Merge Sort in Java

Last Updated on May 25, 2019 by Simanta

In this post, I will explain the Merge Sort algorithm and how to use it in Java.

Sorting is the process of arranging data in ascending or descending order. Sorting becomes necessary while searching a particular record in database, a particular telephone number in telephone directory, words in a dictionary, and so on.

In computer applications, sorting is a common operation, and there are several efficient algorithms to sort data. One such popular sorting algorithm is Merge Sort.

The Merge Sort Algorithm

Merge sort is basically a Divide and Conquer algorithm to sort a given set of elements recursively and then merge them. This algorithm runs in O(n*log n) time in all cases, where n is the number of comparisons done.

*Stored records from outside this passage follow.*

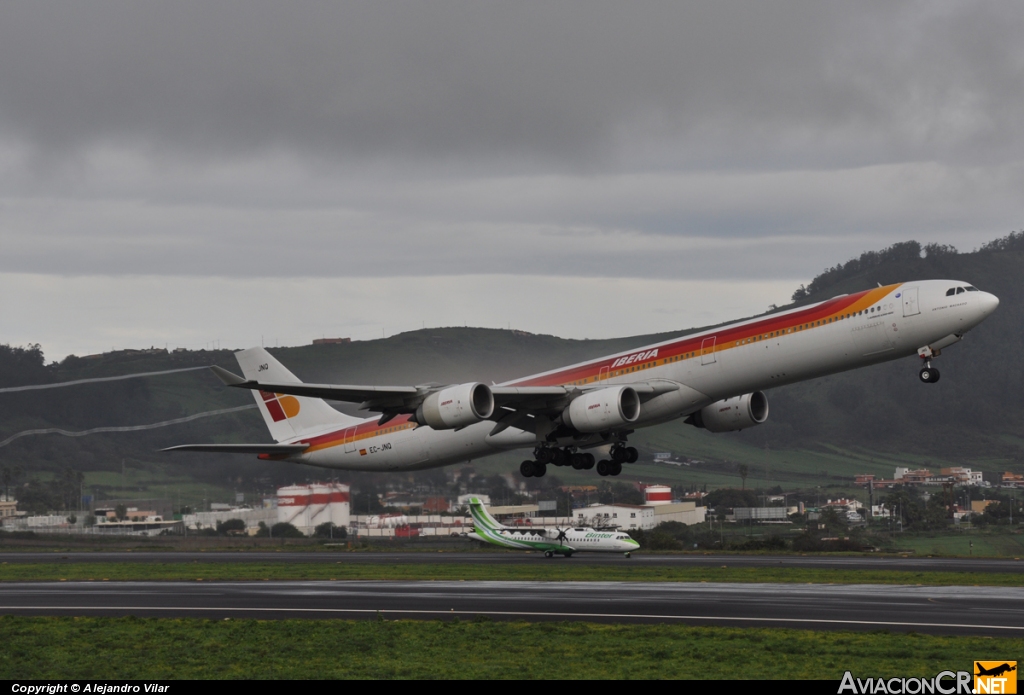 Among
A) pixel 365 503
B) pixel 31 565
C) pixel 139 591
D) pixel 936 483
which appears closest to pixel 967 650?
pixel 139 591

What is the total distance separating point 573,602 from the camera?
36062mm

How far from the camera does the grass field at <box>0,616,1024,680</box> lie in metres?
22.4

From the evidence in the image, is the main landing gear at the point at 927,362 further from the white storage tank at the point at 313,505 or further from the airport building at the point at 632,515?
the airport building at the point at 632,515

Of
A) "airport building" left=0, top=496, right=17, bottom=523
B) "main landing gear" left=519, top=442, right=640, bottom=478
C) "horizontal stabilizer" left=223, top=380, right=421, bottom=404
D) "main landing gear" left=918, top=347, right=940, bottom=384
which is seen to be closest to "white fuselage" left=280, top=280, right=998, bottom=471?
"main landing gear" left=918, top=347, right=940, bottom=384

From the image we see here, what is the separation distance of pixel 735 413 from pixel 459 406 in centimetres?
1470

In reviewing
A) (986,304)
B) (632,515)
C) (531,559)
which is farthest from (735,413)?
(632,515)

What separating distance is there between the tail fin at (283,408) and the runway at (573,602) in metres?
17.8

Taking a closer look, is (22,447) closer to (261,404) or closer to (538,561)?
(261,404)

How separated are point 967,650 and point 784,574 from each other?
25.1 metres

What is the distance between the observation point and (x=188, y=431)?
5438 inches

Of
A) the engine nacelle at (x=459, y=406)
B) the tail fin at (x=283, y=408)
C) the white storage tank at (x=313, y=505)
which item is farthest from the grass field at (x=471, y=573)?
the white storage tank at (x=313, y=505)

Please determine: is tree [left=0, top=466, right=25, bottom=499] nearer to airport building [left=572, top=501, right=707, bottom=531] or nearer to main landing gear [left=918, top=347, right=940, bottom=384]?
airport building [left=572, top=501, right=707, bottom=531]

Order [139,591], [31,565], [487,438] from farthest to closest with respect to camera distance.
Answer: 1. [31,565]
2. [487,438]
3. [139,591]

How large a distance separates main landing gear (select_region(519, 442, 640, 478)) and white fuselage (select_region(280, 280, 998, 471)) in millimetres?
788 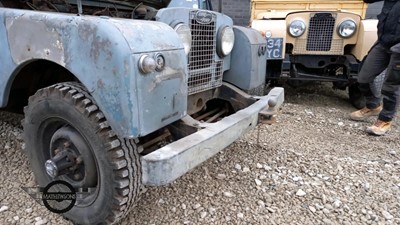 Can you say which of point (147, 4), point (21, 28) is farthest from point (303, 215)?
point (147, 4)

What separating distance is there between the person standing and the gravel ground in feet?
0.82

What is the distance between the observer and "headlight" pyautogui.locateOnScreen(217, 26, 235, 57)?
2.71 metres

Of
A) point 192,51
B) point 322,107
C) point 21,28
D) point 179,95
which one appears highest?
point 21,28

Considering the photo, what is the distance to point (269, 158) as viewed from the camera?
3.20 metres

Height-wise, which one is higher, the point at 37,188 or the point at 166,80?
the point at 166,80

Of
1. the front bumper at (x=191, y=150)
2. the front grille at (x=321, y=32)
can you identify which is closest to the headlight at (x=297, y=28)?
the front grille at (x=321, y=32)

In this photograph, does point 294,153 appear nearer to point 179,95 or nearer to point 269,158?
point 269,158

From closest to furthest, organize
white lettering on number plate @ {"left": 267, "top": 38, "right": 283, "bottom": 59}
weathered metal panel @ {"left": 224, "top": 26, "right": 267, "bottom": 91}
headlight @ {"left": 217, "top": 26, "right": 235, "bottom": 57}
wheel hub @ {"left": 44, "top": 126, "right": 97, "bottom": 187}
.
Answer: wheel hub @ {"left": 44, "top": 126, "right": 97, "bottom": 187}, headlight @ {"left": 217, "top": 26, "right": 235, "bottom": 57}, weathered metal panel @ {"left": 224, "top": 26, "right": 267, "bottom": 91}, white lettering on number plate @ {"left": 267, "top": 38, "right": 283, "bottom": 59}

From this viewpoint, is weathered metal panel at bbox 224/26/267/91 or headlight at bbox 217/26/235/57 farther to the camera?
weathered metal panel at bbox 224/26/267/91

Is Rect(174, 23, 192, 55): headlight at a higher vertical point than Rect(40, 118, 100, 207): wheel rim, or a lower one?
higher

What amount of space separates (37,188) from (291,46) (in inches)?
158

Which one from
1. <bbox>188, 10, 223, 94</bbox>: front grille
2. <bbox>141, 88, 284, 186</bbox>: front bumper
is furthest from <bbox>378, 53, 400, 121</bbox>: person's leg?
<bbox>188, 10, 223, 94</bbox>: front grille

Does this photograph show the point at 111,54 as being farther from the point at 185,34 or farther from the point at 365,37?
the point at 365,37

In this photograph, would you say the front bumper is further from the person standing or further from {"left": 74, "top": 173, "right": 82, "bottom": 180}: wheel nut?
the person standing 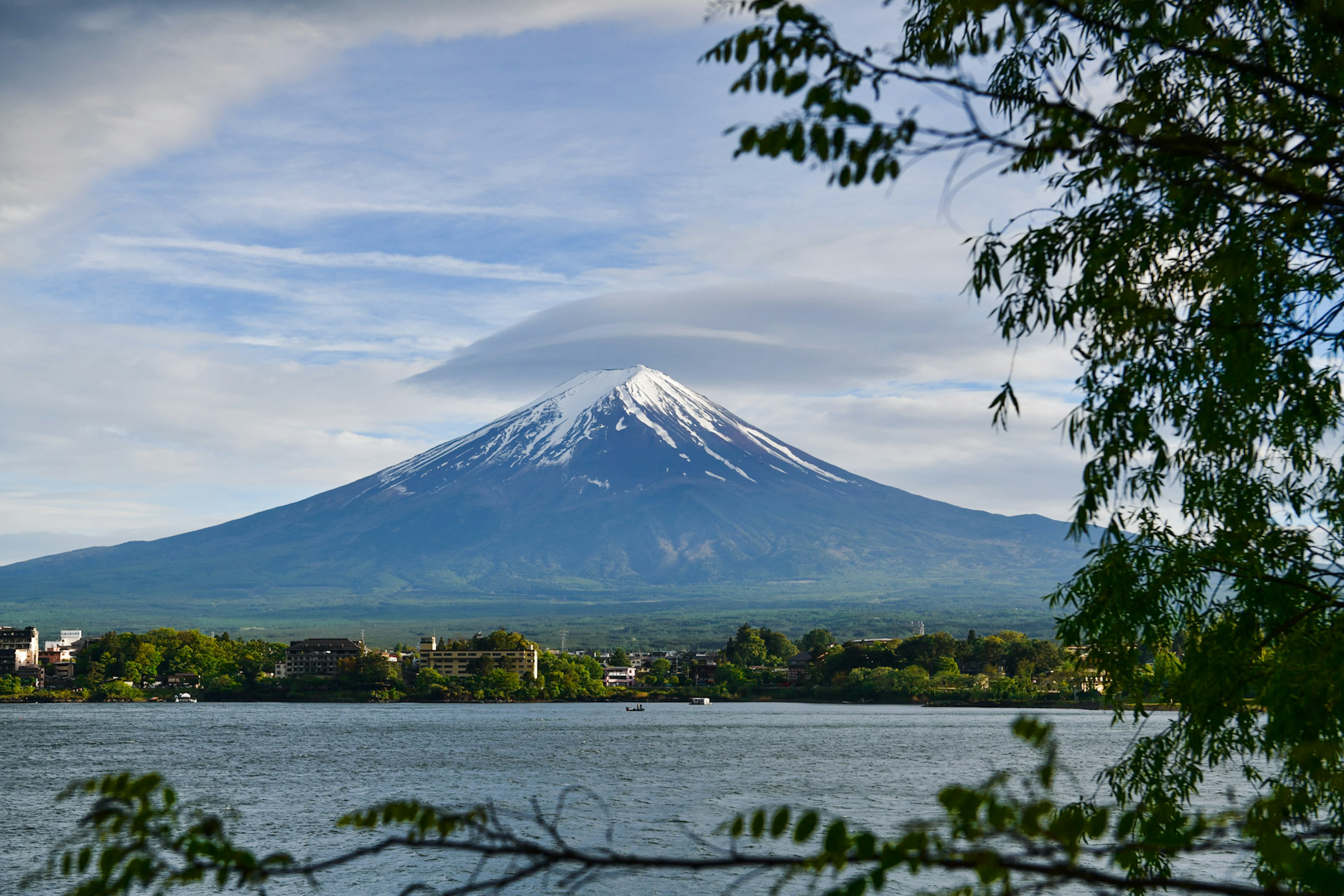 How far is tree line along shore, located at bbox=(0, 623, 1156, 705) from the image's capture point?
10494 cm

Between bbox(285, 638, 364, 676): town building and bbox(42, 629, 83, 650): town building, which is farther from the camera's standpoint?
bbox(42, 629, 83, 650): town building

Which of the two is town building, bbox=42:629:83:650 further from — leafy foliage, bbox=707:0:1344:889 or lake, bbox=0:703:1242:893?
leafy foliage, bbox=707:0:1344:889

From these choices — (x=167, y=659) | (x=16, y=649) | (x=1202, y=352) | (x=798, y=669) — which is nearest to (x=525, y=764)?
(x=1202, y=352)

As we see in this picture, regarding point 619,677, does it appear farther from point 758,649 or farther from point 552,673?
point 758,649

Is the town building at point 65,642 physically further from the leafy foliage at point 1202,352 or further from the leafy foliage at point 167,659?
the leafy foliage at point 1202,352

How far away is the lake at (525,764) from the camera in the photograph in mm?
34219

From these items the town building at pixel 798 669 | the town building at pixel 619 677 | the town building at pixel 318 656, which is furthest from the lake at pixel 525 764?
the town building at pixel 619 677

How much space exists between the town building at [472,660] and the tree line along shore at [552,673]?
264 mm

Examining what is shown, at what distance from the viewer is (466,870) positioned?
90.3 ft

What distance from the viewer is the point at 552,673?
115062mm

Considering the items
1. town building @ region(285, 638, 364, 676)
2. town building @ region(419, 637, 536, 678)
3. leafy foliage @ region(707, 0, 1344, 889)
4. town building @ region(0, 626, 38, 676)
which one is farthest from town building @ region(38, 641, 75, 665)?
leafy foliage @ region(707, 0, 1344, 889)

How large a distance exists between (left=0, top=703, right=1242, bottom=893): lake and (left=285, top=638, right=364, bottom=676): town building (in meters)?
24.0

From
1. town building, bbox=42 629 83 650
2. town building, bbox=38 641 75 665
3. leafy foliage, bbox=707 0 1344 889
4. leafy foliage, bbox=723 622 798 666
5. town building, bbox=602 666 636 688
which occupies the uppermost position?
leafy foliage, bbox=707 0 1344 889

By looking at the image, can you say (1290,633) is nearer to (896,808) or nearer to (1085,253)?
(1085,253) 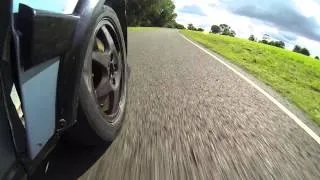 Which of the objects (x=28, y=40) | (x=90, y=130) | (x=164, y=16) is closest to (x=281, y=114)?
(x=90, y=130)

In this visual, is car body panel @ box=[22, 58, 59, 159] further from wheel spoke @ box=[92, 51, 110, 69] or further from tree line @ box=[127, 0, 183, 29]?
tree line @ box=[127, 0, 183, 29]

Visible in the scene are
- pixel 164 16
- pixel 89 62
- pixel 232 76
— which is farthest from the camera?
pixel 164 16

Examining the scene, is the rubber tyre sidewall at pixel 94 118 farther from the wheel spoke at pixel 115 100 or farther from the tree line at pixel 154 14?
the tree line at pixel 154 14

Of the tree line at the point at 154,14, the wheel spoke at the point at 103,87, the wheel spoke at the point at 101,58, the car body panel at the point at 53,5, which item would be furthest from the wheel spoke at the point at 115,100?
the tree line at the point at 154,14

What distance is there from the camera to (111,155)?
13.3 feet

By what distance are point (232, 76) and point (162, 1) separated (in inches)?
3684

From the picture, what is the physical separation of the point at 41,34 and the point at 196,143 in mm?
2696

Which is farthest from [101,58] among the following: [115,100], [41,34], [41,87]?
[41,34]

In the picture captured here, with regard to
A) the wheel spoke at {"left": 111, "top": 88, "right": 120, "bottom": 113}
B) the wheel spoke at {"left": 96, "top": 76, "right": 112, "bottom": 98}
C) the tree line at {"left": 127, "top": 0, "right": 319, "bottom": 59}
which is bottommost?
the tree line at {"left": 127, "top": 0, "right": 319, "bottom": 59}

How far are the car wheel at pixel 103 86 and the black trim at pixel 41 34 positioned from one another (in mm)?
519

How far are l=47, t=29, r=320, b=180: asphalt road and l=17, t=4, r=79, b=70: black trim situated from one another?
1.23 metres

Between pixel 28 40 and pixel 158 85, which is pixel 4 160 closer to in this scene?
pixel 28 40

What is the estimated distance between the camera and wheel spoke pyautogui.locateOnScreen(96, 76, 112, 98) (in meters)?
3.74

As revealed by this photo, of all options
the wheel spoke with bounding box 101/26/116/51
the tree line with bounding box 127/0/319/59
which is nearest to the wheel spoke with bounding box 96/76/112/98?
the wheel spoke with bounding box 101/26/116/51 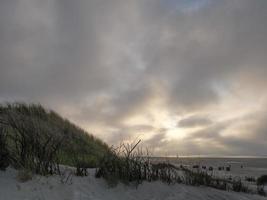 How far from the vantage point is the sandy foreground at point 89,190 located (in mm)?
7730

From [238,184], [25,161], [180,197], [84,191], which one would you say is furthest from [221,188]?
[25,161]

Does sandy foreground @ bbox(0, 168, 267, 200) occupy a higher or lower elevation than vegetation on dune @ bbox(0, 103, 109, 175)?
lower

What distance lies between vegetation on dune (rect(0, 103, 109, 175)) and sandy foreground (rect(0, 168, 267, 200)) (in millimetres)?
329

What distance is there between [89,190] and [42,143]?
10.5 feet

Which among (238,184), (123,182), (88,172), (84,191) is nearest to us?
(84,191)

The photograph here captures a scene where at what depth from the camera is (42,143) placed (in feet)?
36.2

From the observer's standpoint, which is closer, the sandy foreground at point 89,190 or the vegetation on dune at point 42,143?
the sandy foreground at point 89,190

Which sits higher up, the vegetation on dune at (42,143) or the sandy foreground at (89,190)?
the vegetation on dune at (42,143)

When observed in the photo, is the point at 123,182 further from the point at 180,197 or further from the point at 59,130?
the point at 59,130

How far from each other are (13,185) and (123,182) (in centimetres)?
232

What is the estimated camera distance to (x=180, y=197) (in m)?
8.62

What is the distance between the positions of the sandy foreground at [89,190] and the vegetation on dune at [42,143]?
329 mm

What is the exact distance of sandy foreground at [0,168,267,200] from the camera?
773 centimetres

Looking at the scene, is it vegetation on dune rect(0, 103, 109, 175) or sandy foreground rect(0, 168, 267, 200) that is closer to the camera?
sandy foreground rect(0, 168, 267, 200) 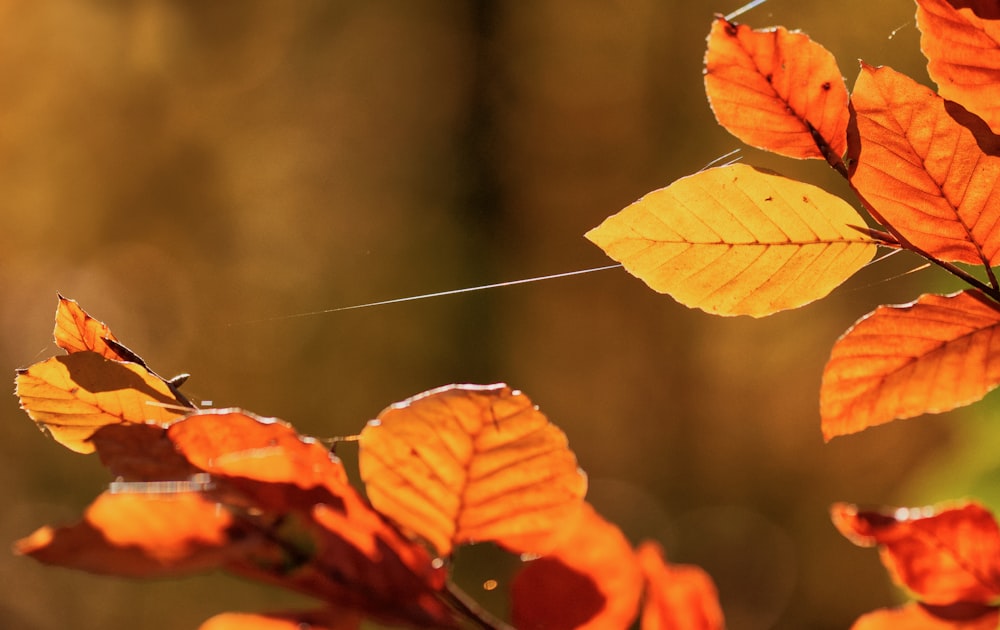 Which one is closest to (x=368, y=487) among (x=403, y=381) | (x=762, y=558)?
(x=403, y=381)

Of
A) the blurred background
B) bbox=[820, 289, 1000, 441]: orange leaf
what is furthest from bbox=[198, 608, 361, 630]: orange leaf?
the blurred background

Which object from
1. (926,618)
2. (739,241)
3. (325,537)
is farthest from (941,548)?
(325,537)

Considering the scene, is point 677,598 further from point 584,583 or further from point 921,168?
point 921,168

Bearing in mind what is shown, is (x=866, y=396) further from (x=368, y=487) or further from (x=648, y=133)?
(x=648, y=133)

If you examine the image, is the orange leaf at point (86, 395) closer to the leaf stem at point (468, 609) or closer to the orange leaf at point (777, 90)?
the leaf stem at point (468, 609)

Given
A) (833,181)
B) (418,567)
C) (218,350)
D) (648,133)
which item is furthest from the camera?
(648,133)

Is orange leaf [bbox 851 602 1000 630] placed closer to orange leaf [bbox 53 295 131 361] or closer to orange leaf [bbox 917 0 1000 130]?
orange leaf [bbox 917 0 1000 130] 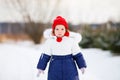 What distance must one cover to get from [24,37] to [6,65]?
15179 millimetres

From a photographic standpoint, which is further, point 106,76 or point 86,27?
point 86,27

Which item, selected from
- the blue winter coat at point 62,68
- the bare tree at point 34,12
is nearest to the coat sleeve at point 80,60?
the blue winter coat at point 62,68

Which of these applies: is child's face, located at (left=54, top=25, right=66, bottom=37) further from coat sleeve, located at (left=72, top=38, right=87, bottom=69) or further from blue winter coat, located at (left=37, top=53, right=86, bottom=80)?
blue winter coat, located at (left=37, top=53, right=86, bottom=80)

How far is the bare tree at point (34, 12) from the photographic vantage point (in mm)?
24734

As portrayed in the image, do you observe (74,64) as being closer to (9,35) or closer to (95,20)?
(95,20)

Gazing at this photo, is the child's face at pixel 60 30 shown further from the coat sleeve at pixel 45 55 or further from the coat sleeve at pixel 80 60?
the coat sleeve at pixel 80 60

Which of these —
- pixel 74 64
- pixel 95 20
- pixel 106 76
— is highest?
pixel 95 20

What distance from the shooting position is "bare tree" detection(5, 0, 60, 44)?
24734mm

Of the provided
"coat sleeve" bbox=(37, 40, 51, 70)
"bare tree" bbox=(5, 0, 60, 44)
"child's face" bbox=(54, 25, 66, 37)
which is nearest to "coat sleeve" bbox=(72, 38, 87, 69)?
"child's face" bbox=(54, 25, 66, 37)

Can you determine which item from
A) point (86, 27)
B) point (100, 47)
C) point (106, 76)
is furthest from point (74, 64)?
point (86, 27)

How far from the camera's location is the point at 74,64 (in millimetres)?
5910

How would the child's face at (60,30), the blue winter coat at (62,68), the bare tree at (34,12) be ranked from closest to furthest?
the blue winter coat at (62,68)
the child's face at (60,30)
the bare tree at (34,12)

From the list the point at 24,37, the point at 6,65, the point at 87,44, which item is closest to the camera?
the point at 6,65

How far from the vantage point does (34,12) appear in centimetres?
2500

Merge sort uses not-in-place sorting. In this type of sorting, the algorithm requires extra space for comparison and temporary storage of data elements. Therefore, for merge-sort, the required space is more than or equal to the elements being sorted. This is one of the drawback of Merge sort. However, with the cost of resources getting lesser, not-in-place sorting should not be a concern unless you are going for some extremely big data computation in an environment with limited resource.

To sort data, Merge Sort performs the following steps:

1. It splits the items in the collection into two collections. To do so, it takes the middle of the collection and split the collection into its left and its right part, like this.

1. The resulting collections are again split recursively until they are broke to a single item in each collection.

As you can see in this Figure, now we have single item in all the sub collections. At this point, we can say that, since each collection has only one item in it, everything is sorted.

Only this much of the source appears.